Moderator: Steve Shire Panelists: Mary Cromwell Genentech, Inc. ; , Ed Moore Baxter Health Care Corporation ; , Ted Randolph University of Colorado, Boulder ; , and Amy Rosenberg FDA ; Editor 's note: The transcript of these discussions has been edited to eliminate irrelevant conversations and to improve readability. Unidentified Participant#1 Amgen ; : This question is addressed to Ted Randolph. What about the role of excipients in the formulation? Can we design excipients to competitively adsorb on surfaces to prevent the proteins from adsorbing and how would this and other specific factors actually affect the time scale for adsorption? Ted Randolph: Well, part of the answer to that is that if you write a letter of support for my newest NIH grant [laughter] we might be able to answer some of those questions. But there is an interesting effect, actually, which is that those things that stabilize protein conformation that you might think about adding as a formulation excipient, for example, sucrose or trehalose actually can, if you look at the math of how things go to surfaces, tend to destabilize proteins on surfaces. And so we may have one of these nasty tradeoffs here where we have to balance bulk stability vs surface stability in order to make these things work. We are just learning, though, about how to really formulate against surface damage beyond the obvious, which is adding some surfactants to keep things off; but again, it is well known that adding things like Tweens tends to destabilize the conformation of many, many proteins, lowers their free energy of unfolding, tends to increase your level of soluble aggregates for the benefit of decreasing the level of insoluble aggregates. So there are a lot of nasty tradeoffs here that may come into play limited by our understanding of what is really going on at surfaces still. Unidentified Participant #1: And what about the time scale for adsorbing and totally preventing it and, you know, Corresponding Author: Steven J. Shire, Genentech, Inc., Pharmaceutical Research and Development Department, S. San Francisco, CA 94080. Tel: 650-225-2077; Fax: 650-225-7234; E-mail: shire eve gene and amoxycillin.
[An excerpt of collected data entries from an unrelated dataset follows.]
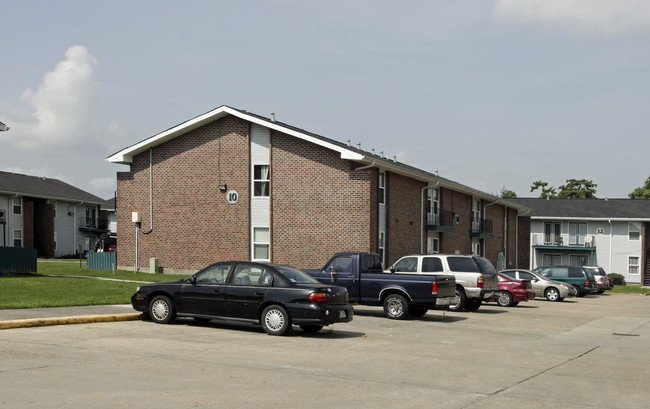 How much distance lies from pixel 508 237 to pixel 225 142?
31445 mm

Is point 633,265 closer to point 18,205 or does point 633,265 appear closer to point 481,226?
point 481,226

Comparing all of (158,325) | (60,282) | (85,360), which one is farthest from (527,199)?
A: (85,360)

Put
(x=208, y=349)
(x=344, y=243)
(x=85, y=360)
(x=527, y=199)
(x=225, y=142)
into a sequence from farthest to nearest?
(x=527, y=199), (x=225, y=142), (x=344, y=243), (x=208, y=349), (x=85, y=360)

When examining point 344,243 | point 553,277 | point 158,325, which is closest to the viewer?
point 158,325

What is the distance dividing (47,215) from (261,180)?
33380 mm

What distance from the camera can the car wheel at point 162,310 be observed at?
51.6ft

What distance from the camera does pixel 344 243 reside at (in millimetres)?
31984

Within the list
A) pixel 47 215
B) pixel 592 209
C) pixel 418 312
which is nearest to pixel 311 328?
pixel 418 312

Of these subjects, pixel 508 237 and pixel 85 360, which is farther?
pixel 508 237

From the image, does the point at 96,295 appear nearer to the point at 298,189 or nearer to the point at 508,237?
the point at 298,189

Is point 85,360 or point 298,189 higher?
point 298,189

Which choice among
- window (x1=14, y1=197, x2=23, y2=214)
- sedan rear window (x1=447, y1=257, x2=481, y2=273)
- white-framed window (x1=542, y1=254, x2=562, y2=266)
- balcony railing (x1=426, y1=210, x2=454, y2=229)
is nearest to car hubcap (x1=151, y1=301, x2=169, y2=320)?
sedan rear window (x1=447, y1=257, x2=481, y2=273)

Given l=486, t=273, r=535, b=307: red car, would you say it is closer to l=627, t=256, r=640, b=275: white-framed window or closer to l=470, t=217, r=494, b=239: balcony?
l=470, t=217, r=494, b=239: balcony

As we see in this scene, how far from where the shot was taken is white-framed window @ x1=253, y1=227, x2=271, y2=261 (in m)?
33.8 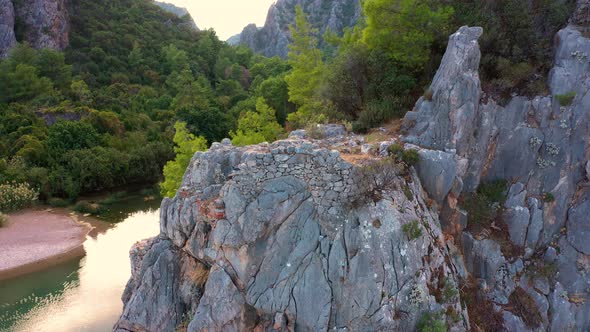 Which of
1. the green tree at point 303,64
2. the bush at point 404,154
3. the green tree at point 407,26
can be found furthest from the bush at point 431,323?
the green tree at point 303,64

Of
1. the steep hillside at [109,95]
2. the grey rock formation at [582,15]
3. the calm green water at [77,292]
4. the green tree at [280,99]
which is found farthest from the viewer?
the steep hillside at [109,95]

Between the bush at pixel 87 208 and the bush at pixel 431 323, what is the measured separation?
3301cm

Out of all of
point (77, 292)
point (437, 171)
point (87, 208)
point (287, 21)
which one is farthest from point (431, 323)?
point (287, 21)

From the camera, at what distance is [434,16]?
16.3 m

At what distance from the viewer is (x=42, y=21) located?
218 feet

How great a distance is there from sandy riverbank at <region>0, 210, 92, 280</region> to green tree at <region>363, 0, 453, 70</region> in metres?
24.2

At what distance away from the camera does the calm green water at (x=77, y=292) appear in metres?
20.0

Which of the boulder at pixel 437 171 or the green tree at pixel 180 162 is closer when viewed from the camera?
the boulder at pixel 437 171

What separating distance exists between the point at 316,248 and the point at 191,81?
5991 centimetres

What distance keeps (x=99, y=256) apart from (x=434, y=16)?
25.0m

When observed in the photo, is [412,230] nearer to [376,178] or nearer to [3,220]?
[376,178]

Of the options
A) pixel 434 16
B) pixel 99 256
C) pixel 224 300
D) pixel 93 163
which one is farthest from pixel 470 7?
pixel 93 163

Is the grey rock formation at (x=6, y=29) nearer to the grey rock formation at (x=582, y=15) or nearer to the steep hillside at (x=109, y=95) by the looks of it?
the steep hillside at (x=109, y=95)

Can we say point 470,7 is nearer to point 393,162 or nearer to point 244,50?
point 393,162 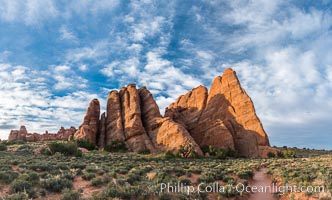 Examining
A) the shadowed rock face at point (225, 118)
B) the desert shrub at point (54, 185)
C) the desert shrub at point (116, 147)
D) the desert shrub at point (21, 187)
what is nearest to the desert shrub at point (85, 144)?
the desert shrub at point (116, 147)

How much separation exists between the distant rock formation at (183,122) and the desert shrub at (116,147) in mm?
1075

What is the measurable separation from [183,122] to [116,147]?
19.2 m

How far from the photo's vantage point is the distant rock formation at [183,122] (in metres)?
53.3

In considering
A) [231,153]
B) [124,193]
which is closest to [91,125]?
[231,153]

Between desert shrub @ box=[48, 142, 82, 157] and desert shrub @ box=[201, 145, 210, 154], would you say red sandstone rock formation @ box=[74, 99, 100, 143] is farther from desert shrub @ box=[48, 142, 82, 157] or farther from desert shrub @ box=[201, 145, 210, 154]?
desert shrub @ box=[201, 145, 210, 154]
I've also heard that there is a difference in brand and generic drugs anyway you can do what you want i just know that aldactone worked a lot better for me than spiro.
Physicians are encouraged to register patients by calling glaxosmithkline's drug surveillance department 1-800-387-7374 and clavulanate.
Aldactone is a diuretic and it belongs to the subgroup of potassium-sparing diuretics.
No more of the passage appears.